Start of Recorded information
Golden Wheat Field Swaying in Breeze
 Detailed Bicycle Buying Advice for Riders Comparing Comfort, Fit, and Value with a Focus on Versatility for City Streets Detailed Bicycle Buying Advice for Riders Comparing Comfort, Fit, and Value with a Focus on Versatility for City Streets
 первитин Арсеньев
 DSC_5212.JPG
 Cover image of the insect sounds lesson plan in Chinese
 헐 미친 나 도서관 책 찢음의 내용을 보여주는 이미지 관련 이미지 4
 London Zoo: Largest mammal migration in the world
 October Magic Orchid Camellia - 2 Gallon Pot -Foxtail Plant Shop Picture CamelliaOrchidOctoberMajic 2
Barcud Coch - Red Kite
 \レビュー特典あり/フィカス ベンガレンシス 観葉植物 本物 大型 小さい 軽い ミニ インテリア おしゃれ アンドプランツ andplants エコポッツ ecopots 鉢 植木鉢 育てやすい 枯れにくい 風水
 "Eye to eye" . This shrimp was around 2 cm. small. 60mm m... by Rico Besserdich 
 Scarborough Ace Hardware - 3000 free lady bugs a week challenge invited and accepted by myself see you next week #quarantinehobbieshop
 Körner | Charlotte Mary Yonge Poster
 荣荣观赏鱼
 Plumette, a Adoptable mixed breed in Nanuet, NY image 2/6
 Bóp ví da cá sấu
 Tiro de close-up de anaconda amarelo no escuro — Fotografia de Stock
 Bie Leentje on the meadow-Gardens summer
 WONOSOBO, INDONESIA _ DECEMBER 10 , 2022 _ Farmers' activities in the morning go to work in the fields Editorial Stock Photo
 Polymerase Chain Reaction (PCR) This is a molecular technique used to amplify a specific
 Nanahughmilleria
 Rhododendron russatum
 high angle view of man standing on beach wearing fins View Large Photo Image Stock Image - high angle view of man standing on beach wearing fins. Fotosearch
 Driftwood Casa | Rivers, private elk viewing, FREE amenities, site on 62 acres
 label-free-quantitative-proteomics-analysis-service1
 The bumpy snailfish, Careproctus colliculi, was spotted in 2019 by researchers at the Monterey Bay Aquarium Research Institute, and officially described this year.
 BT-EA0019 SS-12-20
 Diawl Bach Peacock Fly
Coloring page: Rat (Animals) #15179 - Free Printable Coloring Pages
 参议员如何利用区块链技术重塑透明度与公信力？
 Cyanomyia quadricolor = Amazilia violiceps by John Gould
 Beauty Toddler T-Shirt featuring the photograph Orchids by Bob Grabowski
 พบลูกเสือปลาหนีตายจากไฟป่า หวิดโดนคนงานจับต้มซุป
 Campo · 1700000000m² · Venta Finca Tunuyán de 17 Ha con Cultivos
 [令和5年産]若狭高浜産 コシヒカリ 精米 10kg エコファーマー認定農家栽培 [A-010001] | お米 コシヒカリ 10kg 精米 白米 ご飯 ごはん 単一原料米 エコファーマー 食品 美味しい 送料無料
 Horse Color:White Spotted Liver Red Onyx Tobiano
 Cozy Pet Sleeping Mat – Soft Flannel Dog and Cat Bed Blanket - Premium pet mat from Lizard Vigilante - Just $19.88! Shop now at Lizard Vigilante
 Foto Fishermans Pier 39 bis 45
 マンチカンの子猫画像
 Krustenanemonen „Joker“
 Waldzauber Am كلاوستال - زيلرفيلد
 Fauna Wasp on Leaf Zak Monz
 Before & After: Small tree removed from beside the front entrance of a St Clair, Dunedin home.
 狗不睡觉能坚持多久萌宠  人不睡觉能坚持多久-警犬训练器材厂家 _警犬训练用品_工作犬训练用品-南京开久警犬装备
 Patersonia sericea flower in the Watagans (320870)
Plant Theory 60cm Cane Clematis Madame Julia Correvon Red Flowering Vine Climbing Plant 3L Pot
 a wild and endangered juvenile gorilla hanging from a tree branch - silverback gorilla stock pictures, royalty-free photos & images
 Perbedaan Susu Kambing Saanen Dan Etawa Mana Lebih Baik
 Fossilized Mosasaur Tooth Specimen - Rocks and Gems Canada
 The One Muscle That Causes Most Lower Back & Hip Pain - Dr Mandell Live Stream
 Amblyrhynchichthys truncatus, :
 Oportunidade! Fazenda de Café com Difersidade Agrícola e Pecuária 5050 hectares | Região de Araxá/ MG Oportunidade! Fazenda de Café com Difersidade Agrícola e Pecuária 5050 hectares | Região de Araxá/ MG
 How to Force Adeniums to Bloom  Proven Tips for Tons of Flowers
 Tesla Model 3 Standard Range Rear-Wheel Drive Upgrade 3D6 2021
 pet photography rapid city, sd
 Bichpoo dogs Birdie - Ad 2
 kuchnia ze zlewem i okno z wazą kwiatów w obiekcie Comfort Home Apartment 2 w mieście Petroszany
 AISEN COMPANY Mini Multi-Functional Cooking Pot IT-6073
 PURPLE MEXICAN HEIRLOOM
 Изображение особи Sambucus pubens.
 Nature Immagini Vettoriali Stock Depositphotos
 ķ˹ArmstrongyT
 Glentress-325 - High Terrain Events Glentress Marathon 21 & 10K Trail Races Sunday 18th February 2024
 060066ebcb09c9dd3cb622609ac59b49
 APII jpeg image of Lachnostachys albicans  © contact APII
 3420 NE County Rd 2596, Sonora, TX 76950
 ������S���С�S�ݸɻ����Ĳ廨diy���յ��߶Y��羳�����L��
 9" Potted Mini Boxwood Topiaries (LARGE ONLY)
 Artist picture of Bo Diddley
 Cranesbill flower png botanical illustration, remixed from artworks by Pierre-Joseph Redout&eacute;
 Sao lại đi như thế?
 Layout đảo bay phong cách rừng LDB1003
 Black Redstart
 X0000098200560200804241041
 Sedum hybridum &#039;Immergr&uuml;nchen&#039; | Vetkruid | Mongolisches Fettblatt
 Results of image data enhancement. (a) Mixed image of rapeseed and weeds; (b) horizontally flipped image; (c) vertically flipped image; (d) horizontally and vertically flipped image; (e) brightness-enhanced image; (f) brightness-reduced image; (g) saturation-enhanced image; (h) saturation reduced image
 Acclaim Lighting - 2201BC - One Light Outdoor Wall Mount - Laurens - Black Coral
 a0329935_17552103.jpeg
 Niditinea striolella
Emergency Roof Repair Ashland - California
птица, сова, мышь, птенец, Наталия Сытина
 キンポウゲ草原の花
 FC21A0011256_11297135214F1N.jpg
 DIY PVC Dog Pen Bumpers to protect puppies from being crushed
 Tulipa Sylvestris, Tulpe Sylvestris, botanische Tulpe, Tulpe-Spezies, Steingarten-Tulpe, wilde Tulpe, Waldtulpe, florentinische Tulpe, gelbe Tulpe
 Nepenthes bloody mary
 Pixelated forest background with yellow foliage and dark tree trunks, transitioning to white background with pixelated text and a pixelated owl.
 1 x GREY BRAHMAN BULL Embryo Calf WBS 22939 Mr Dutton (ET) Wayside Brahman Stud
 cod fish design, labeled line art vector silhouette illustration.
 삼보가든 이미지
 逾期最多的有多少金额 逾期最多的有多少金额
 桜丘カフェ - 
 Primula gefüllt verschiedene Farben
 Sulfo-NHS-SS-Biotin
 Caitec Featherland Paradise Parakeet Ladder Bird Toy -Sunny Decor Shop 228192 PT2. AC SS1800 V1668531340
End of Recorded information
Each line of the material above must be reproduced exactly.

Golden Wheat Field Swaying in Breeze
 Detailed Bicycle Buying Advice for Riders Comparing Comfort, Fit, and Value with a Focus on Versatility for City Streets Detailed Bicycle Buying Advice for Riders Comparing Comfort, Fit, and Value with a Focus on Versatility for City Streets
 первитин Арсеньев
 DSC_5212.JPG
 Cover image of the insect sounds lesson plan in Chinese
 헐 미친 나 도서관 책 찢음의 내용을 보여주는 이미지 관련 이미지 4
 London Zoo: Largest mammal migration in the world
 October Magic Orchid Camellia - 2 Gallon Pot -Foxtail Plant Shop Picture CamelliaOrchidOctoberMajic 2
Barcud Coch - Red Kite
 \レビュー特典あり/フィカス ベンガレンシス 観葉植物 本物 大型 小さい 軽い ミニ インテリア おしゃれ アンドプランツ andplants エコポッツ ecopots 鉢 植木鉢 育てやすい 枯れにくい 風水
 "Eye to eye" . This shrimp was around 2 cm. small. 60mm m... by Rico Besserdich 
 Scarborough Ace Hardware - 3000 free lady bugs a week challenge invited and accepted by myself see you next week #quarantinehobbieshop
 Körner | Charlotte Mary Yonge Poster
 荣荣观赏鱼
 Plumette, a Adoptable mixed breed in Nanuet, NY image 2/6
 Bóp ví da cá sấu
 Tiro de close-up de anaconda amarelo no escuro — Fotografia de Stock
 Bie Leentje on the meadow-Gardens summer
 WONOSOBO, INDONESIA _ DECEMBER 10 , 2022 _ Farmers' activities in the morning go to work in the fields Editorial Stock Photo
 Polymerase Chain Reaction (PCR) This is a molecular technique used to amplify a specific
 Nanahughmilleria
 Rhododendron russatum
 high angle view of man standing on beach wearing fins View Large Photo Image Stock Image - high angle view of man standing on beach wearing fins. Fotosearch
 Driftwood Casa | Rivers, private elk viewing, FREE amenities, site on 62 acres
 label-free-quantitative-proteomics-analysis-service1
 The bumpy snailfish, Careproctus colliculi, was spotted in 2019 by researchers at the Monterey Bay Aquarium Research Institute, and officially described this year.
 BT-EA0019 SS-12-20
 Diawl Bach Peacock Fly
Coloring page: Rat (Animals) #15179 - Free Printable Coloring Pages
 参议员如何利用区块链技术重塑透明度与公信力？
 Cyanomyia quadricolor = Amazilia violiceps by John Gould
 Beauty Toddler T-Shirt featuring the photograph Orchids by Bob Grabowski
 พบลูกเสือปลาหนีตายจากไฟป่า หวิดโดนคนงานจับต้มซุป
 Campo · 1700000000m² · Venta Finca Tunuyán de 17 Ha con Cultivos
 [令和5年産]若狭高浜産 コシヒカリ 精米 10kg エコファーマー認定農家栽培 [A-010001] | お米 コシヒカリ 10kg 精米 白米 ご飯 ごはん 単一原料米 エコファーマー 食品 美味しい 送料無料
 Horse Color:White Spotted Liver Red Onyx Tobiano
 Cozy Pet Sleeping Mat – Soft Flannel Dog and Cat Bed Blanket - Premium pet mat from Lizard Vigilante - Just $19.88! Shop now at Lizard Vigilante
 Foto Fishermans Pier 39 bis 45
 マンチカンの子猫画像
 Krustenanemonen „Joker“
 Waldzauber Am كلاوستال - زيلرفيلد
 Fauna Wasp on Leaf Zak Monz
 Before & After: Small tree removed from beside the front entrance of a St Clair, Dunedin home.
 狗不睡觉能坚持多久萌宠  人不睡觉能坚持多久-警犬训练器材厂家 _警犬训练用品_工作犬训练用品-南京开久警犬装备
 Patersonia sericea flower in the Watagans (320870)
Plant Theory 60cm Cane Clematis Madame Julia Correvon Red Flowering Vine Climbing Plant 3L Pot
 a wild and endangered juvenile gorilla hanging from a tree branch - silverback gorilla stock pictures, royalty-free photos & images
 Perbedaan Susu Kambing Saanen Dan Etawa Mana Lebih Baik
 Fossilized Mosasaur Tooth Specimen - Rocks and Gems Canada
 The One Muscle That Causes Most Lower Back & Hip Pain - Dr Mandell Live Stream
 Amblyrhynchichthys truncatus, :
 Oportunidade! Fazenda de Café com Difersidade Agrícola e Pecuária 5050 hectares | Região de Araxá/ MG Oportunidade! Fazenda de Café com Difersidade Agrícola e Pecuária 5050 hectares | Região de Araxá/ MG
 How to Force Adeniums to Bloom  Proven Tips for Tons of Flowers
 Tesla Model 3 Standard Range Rear-Wheel Drive Upgrade 3D6 2021
 pet photography rapid city, sd
 Bichpoo dogs Birdie - Ad 2
 kuchnia ze zlewem i okno z wazą kwiatów w obiekcie Comfort Home Apartment 2 w mieście Petroszany
 AISEN COMPANY Mini Multi-Functional Cooking Pot IT-6073
 PURPLE MEXICAN HEIRLOOM
 Изображение особи Sambucus pubens.
 Nature Immagini Vettoriali Stock Depositphotos
 ķ˹ArmstrongyT
 Glentress-325 - High Terrain Events Glentress Marathon 21 & 10K Trail Races Sunday 18th February 2024
 060066ebcb09c9dd3cb622609ac59b49
 APII jpeg image of Lachnostachys albicans  © contact APII
 3420 NE County Rd 2596, Sonora, TX 76950
 ������S���С�S�ݸɻ����Ĳ廨diy���յ��߶Y��羳�����L��
 9" Potted Mini Boxwood Topiaries (LARGE ONLY)
 Artist picture of Bo Diddley
 Cranesbill flower png botanical illustration, remixed from artworks by Pierre-Joseph Redout&eacute;
 Sao lại đi như thế?
 Layout đảo bay phong cách rừng LDB1003
 Black Redstart
 X0000098200560200804241041
 Sedum hybridum &#039;Immergr&uuml;nchen&#039; | Vetkruid | Mongolisches Fettblatt
 Results of image data enhancement. (a) Mixed image of rapeseed and weeds; (b) horizontally flipped image; (c) vertically flipped image; (d) horizontally and vertically flipped image; (e) brightness-enhanced image; (f) brightness-reduced image; (g) saturation-enhanced image; (h) saturation reduced image
 Acclaim Lighting - 2201BC - One Light Outdoor Wall Mount - Laurens - Black Coral
 a0329935_17552103.jpeg
 Niditinea striolella
Emergency Roof Repair Ashland - California
птица, сова, мышь, птенец, Наталия Сытина
 キンポウゲ草原の花
 FC21A0011256_11297135214F1N.jpg
 DIY PVC Dog Pen Bumpers to protect puppies from being crushed
 Tulipa Sylvestris, Tulpe Sylvestris, botanische Tulpe, Tulpe-Spezies, Steingarten-Tulpe, wilde Tulpe, Waldtulpe, florentinische Tulpe, gelbe Tulpe
 Nepenthes bloody mary
 Pixelated forest background with yellow foliage and dark tree trunks, transitioning to white background with pixelated text and a pixelated owl.
 1 x GREY BRAHMAN BULL Embryo Calf WBS 22939 Mr Dutton (ET) Wayside Brahman Stud
 cod fish design, labeled line art vector silhouette illustration.
 삼보가든 이미지
 逾期最多的有多少金额 逾期最多的有多少金额
 桜丘カフェ - 
 Primula gefüllt verschiedene Farben
 Sulfo-NHS-SS-Biotin
 Caitec Featherland Paradise Parakeet Ladder Bird Toy -Sunny Decor Shop 228192 PT2. AC SS1800 V1668531340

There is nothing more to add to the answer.